Task inputs →
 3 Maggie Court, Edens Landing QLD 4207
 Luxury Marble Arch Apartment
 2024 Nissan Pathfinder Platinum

* * *

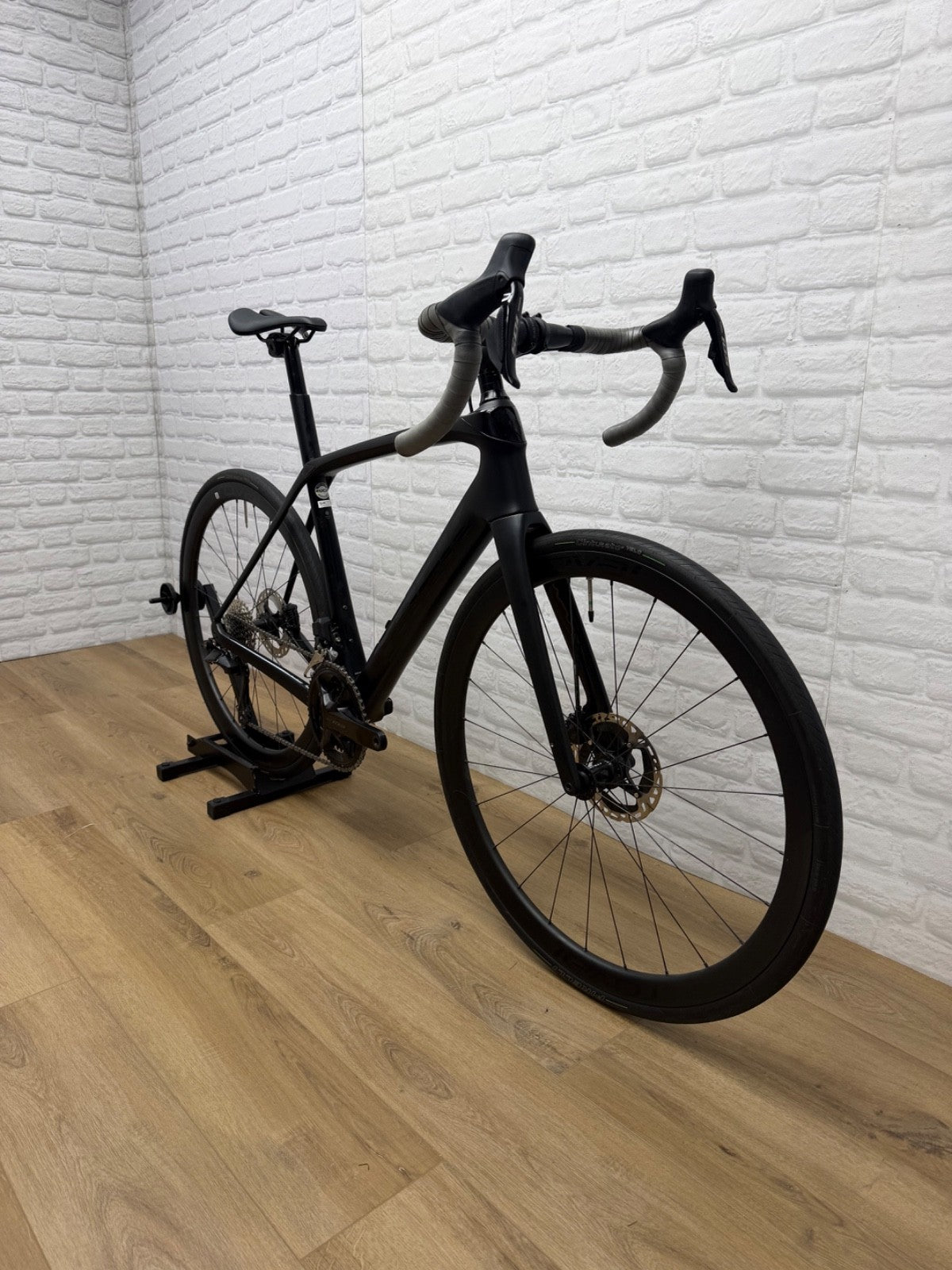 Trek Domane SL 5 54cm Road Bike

Exercise aim → Everything starting at the line containing "3 Maggie Court, Edens Landing QLD 4207" and ending at the line containing "2024 Nissan Pathfinder Platinum" in the records above should be repeated exactly, and only that.

Task solution →
 3 Maggie Court, Edens Landing QLD 4207
 Luxury Marble Arch Apartment
 2024 Nissan Pathfinder Platinum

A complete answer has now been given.